Ik was niet een van de oprichters, maar onmiddellijk na de stichting heb ik me aangesloten. Vlak na de oprichting hadden we wel 100 leden! Dat was een boom, en nadien is dat geminderd tot rond de 50. De oprichting zelf is tussen pot en pint gegroeid, er was eigenlijk geen aanleiding tenzij de wens om te tafeltennissen. We speelden toen in zaal Edelweiss, waar er drie tafels stonden. Omdat er zoveel volk was, werd er een klok ingesteld: iedereen mocht 10 minuten spelen, en dan wisselen. We waren zeer blij als we eens 15 minuten aan een stuk konden spelen! Later zijn we verhuisd naar de benedenzaal van het OC te Aalbeke, waar er meer plaats was: 4 tafels voor de reguliere competitie.
Hoe is men tot de fusie met Kortrijk gekomen?
Kortijk had enkele sterke spelers, maar geen jeugd. Er gaapte een grote kloof tussen de betere spelers en de beginners.
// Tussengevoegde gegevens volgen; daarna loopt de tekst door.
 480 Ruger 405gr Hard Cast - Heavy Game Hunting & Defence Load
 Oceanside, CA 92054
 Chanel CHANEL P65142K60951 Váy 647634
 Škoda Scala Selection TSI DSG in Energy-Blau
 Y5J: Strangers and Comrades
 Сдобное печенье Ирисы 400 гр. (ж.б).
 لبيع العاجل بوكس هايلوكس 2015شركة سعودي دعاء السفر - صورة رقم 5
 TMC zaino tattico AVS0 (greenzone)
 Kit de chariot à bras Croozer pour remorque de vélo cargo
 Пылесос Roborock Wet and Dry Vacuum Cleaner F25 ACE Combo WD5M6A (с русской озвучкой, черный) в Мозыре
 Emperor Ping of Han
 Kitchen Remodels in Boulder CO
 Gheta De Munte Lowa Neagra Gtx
Atanis had wel een uitgebreide jeugdwerking, dus kwam de vraag van Kortrijk of geen fusie mogelijk was. In Aalbeke was daar veel reserve tegen, omdat men vreesde opgeslokt te raken door de grote stad. Na veel overleg werd er uiteindelijk toch gefusioneerd, met een compromis als naam: TTC Atanis Kortrijk.
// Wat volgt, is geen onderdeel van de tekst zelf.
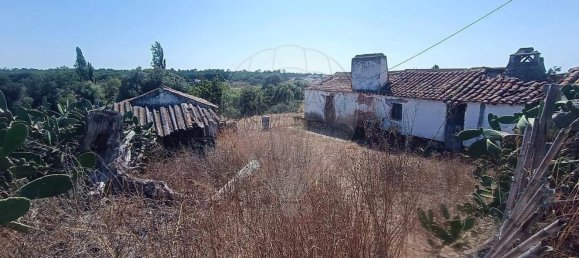 Terreno en Santiago do Cacem, Portugal 6500 m² No. 155680 12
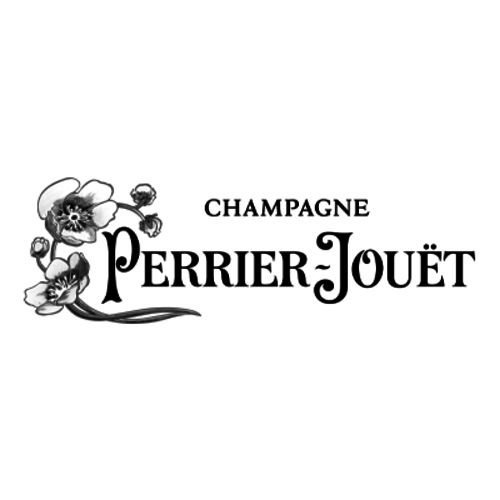 Perrier-Jouët champagne
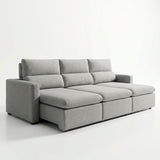 Sofá Extensible y Reclinable Dublin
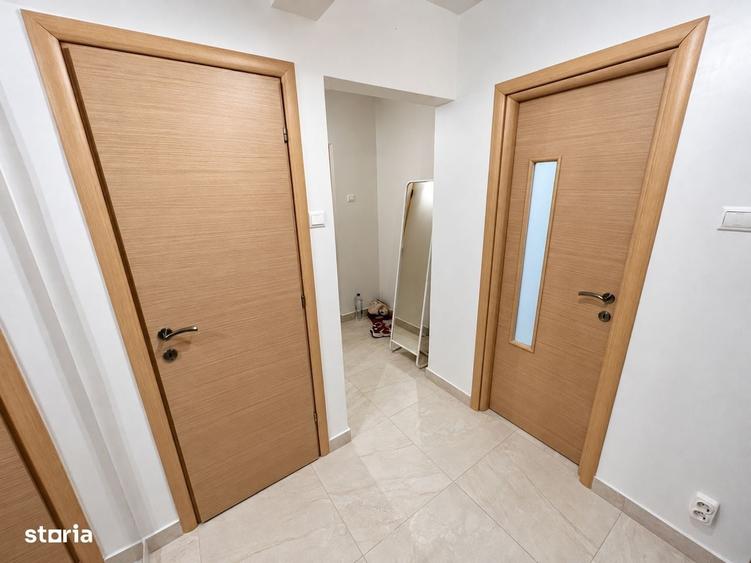 Apartament cu 2 camere în Jilava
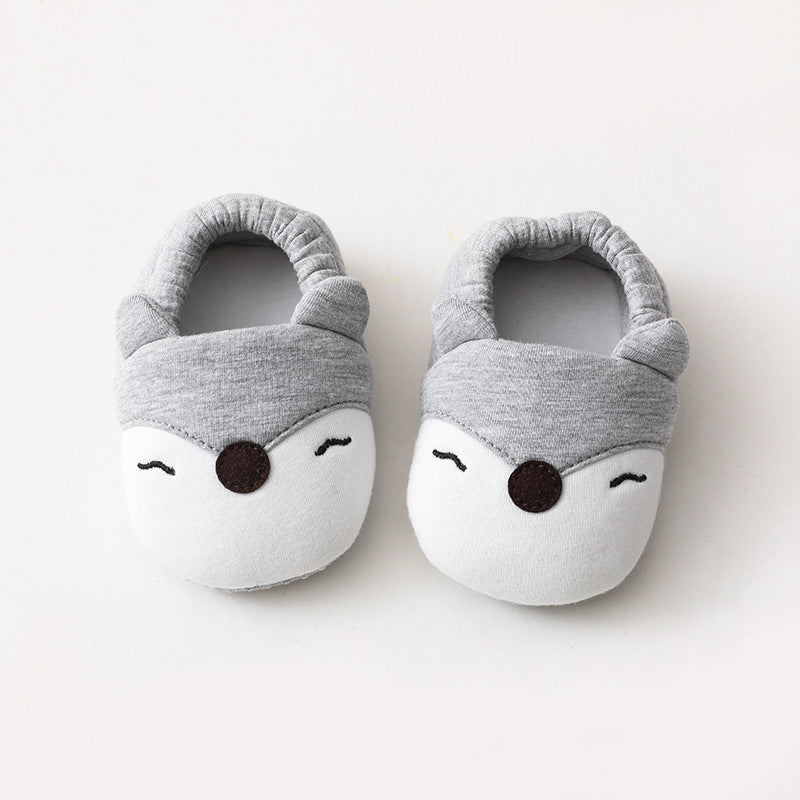 Baby Footwear Floor Shoes Toddler Socks - 𝓢𝓱𝓸𝓹𝓵𝓮𝓬𝔂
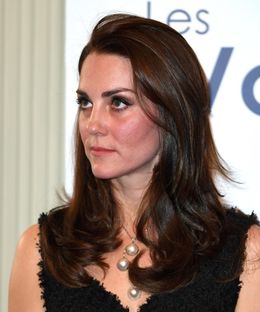 キャサリン妃の家政婦さん、仕事がキツくて辞めちゃった？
Hoe verliep de competitie?
Atanis speelde direct competitie zoals we die nu al kennen: door de provincie georganiseerd tegen andere clubs. Vroeger werd er wel al eens gespeeld tegen Moeskroen maar nu niet meer. Vroeger vulde ik ’s zondags de wedstrijdformulieren in die Dany bij mij binnenstak. Toen werden de wedstrijdbriefjes in drievoud opgemaakt, en pas later op het wedstrijdblad ingevuld. Doordat ik dat deed, kende ik zeer veel spelers bij naam. Ik deed dat met plezier, hoewel ik soms bij Dany moest aandringen tegen dat ik de briefjes kreeg. (lacht)
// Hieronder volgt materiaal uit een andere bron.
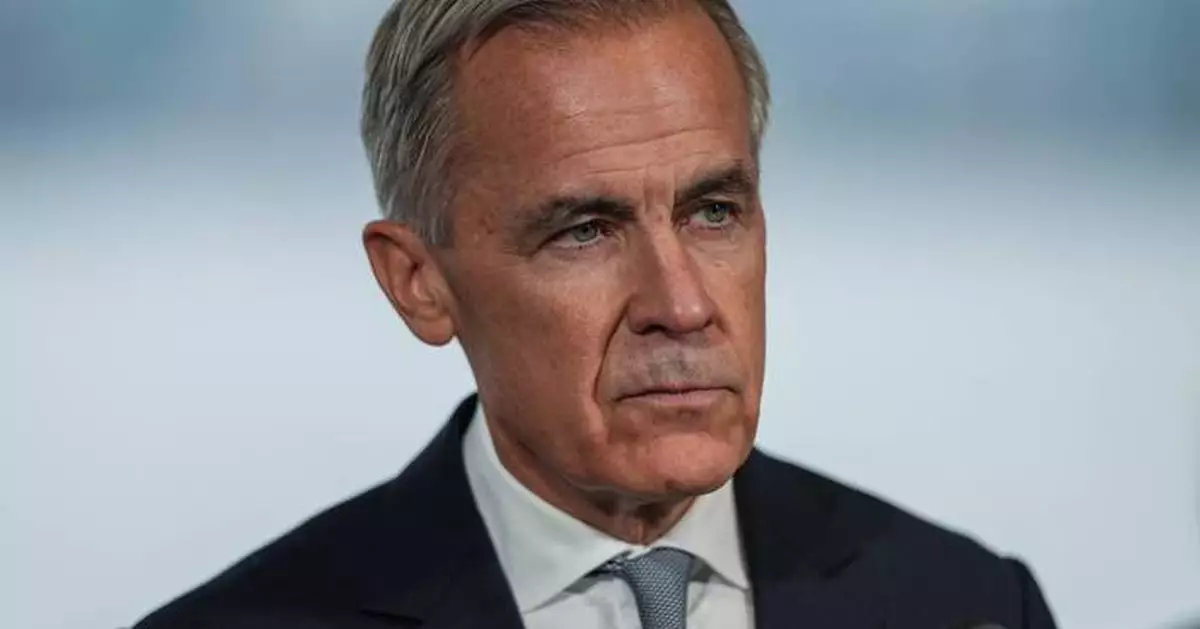 Carney accuses US steelmaker of betraying Canadian workers after layoffs tied to Trump tariffs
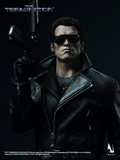 INART The Terminator InArt T-800 1/6 Scale Limited Edition Figure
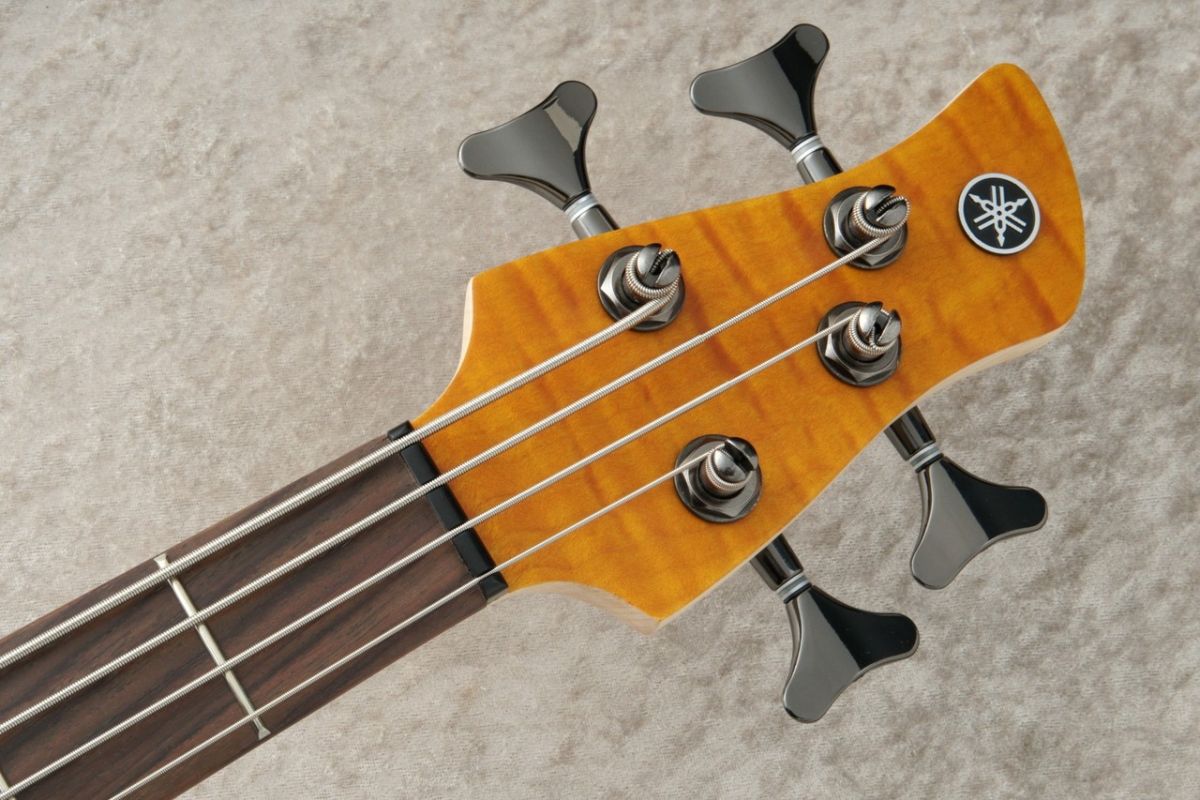 TRBX604FM -Matte Amber / MAM- #ILH093383 | 【クロサワ楽器店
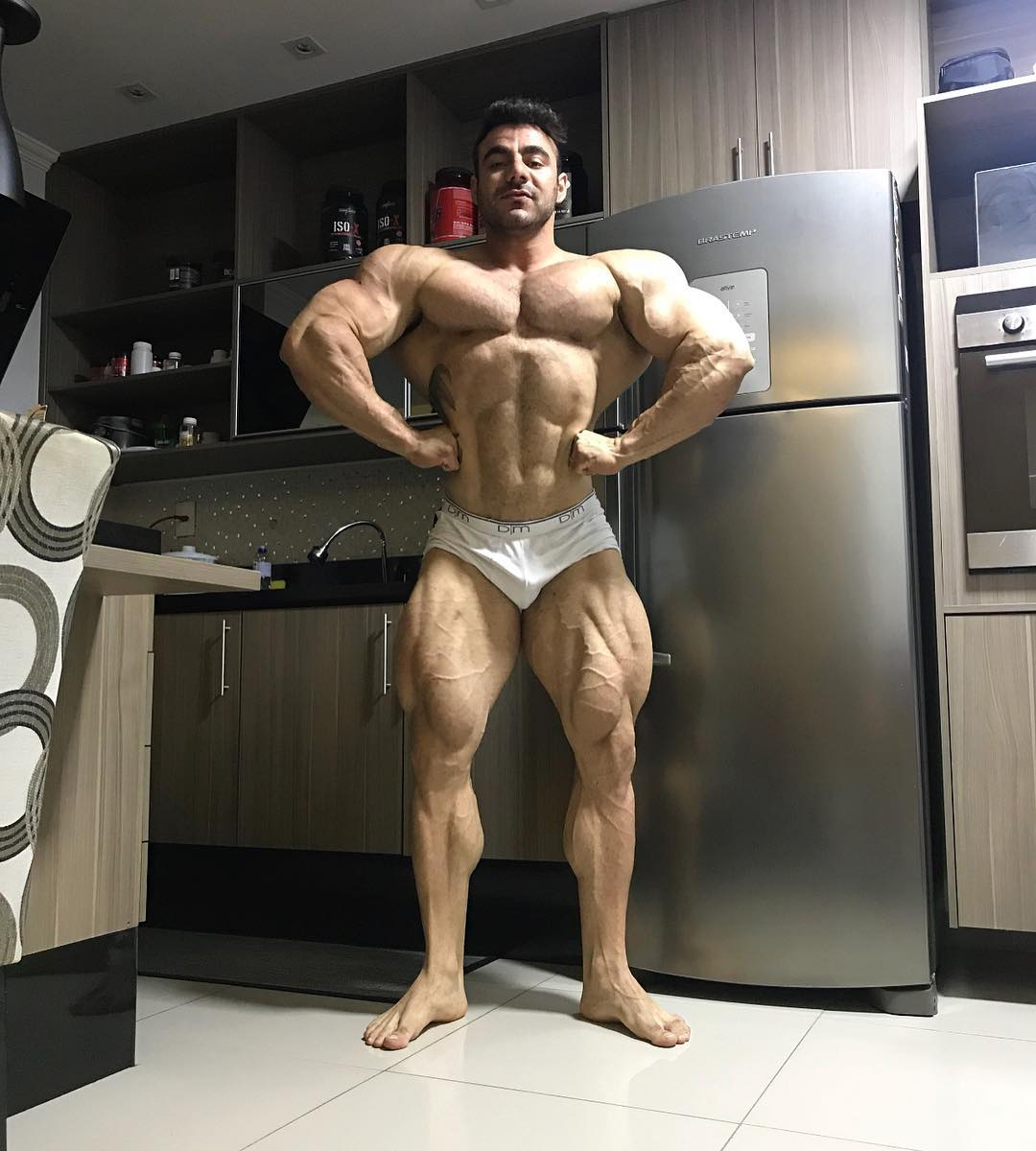 Rafael Brandao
De competitie was vrij gelijkaardig aan nu: 5de provinciale bestond toen al, maar de klassementen waren anders. Naar mijn aanvoelen is het nu makkelijker geworden om te stijgen dan vroeger.
Wat zijn uw persoonlijke herinneringen aan de competitie?
Ik speelde in Atanis B, de ploeg was vast met Pedro, Thierry en Pascal. Het was een voordeel om steeds met dezelfde te kunnen spelen. Ik was een beetje de nestor van de ploeg, en als het klassement het toeliet, speelde ik als derde man. Om de eerste man van de tegenstanders te kunnen kloppen natuurlijk! Maar ik heb het nooit begrepen op individuele prestaties. Voor mij was het belangrijkste dat de ploeg won: als ik vier op vier haalde, dan gebaarde ik van krommen aas. Natuurlijk was ik er erg op gebeten om te winnen, ik heb me altijd voluit ingezet. Maar de ploeg kwam op de eerste plaats.
Speelt u nu nog?
Sinds 2000 ben ik in Atanis meer recreatief gaan spelen, en nu speel ik enkel nog de donderdag seniorenspel in de sporthal van Rollegem. Vroeger speelde ik echt tot ik erbij doodviel. In 2005 heb ik nog het tornooi Roger Toussein voor de veteranen gespeeld en brons gehaald in mijn leeftijdsreeks. Als E4 heb ik daar een C6 geklopt! Ook een beetje dankzij mijn spel: kort bij de tafel, plat afslaan en mijn antitop. Ik was wel helemaal versleten achteraf. Maar nogmaals: individuele prestaties zijn nooit belangrijk geweest, wel de ploeg.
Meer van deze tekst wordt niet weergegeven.